Campbell Live recently ran a piece about an insured that requested information/documentation held by Southern Response about him under the Privacy Act.  I highly recommend this process.  You may be surprised by what emerges when you get the documents.   The documents/information about me held by Southern Response were very informative.

In Ryde v EQC & anor [2014] NZHC 2763 and Van Limburg v EQC & anor [2014] NZHC 2764 the High Court has ordered EQC to pay the costs and disbursements of insured homeowners that sued EQC where EQC for years refused to pay and wrongly assessed the house(s) as under cap but paid cap once sued. These decisions are positive for homeowners and an incentive to them to sue EQC if they are dissatisfied with EQC.

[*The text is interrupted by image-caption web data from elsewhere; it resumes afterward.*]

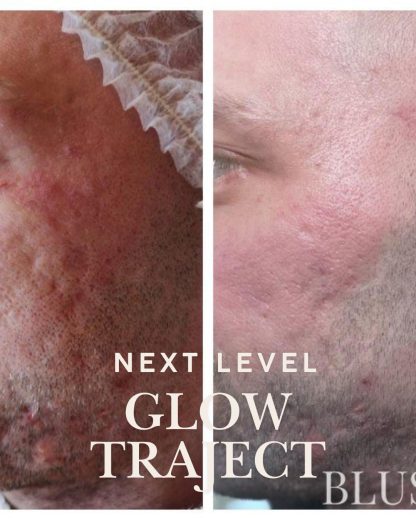 Blush Next Level Glow Traject - Afbeelding 6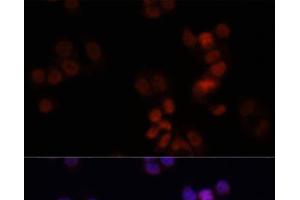 Immunofluorescence analysis of HCT116 cells using KDM7A Polyclonal Antibody at dilution of 1:150. (JHDM1D anticorps)
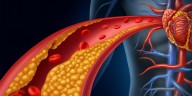 La raíz asiática que reduce el colesterol antes de llegar a tu corazón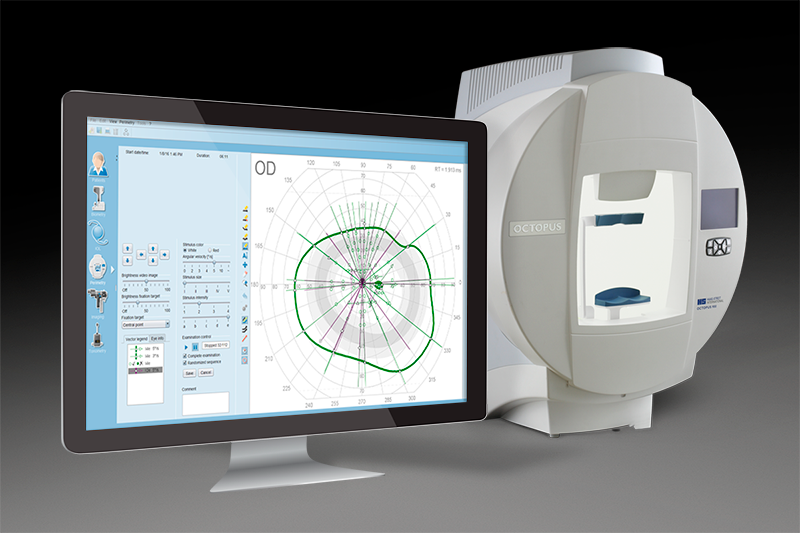 SEMI-AUTOMATED KINETIC PERIMETRY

On 1 October 2014 the Court of Appeal said that Southern Response was liable to pay professional fees of 10% and a contingency of 10% as part of a rebuild cost; costs in the Court of Appeal and that the High Court order of “no costs” must change.  Southern Response has not yet paid the increased judgment amount of a further $214,934.14.  A statutory demand was served on it on 23 October 2014.  Southern Response eventually paid the costs in the Court of Appeal of $17,780 only after being served with a statutory demand.  Notwithstanding the Court of Appeal directive about costs in the High Court and the success of Avonside in recovering over $400,000 more than it was ever offered by Southern Response, Southern Response still refuses to pay any costs in the High Court.  So the High Court will have to determine costs.  After the High Court decision in Avonside, insureds were told that in reliance on the High Court decision it would not pay a contingency and professional fees.  Presumably now being a responsible government entity it will respect and follow the Court of Appeal decision.  I will hold my breath.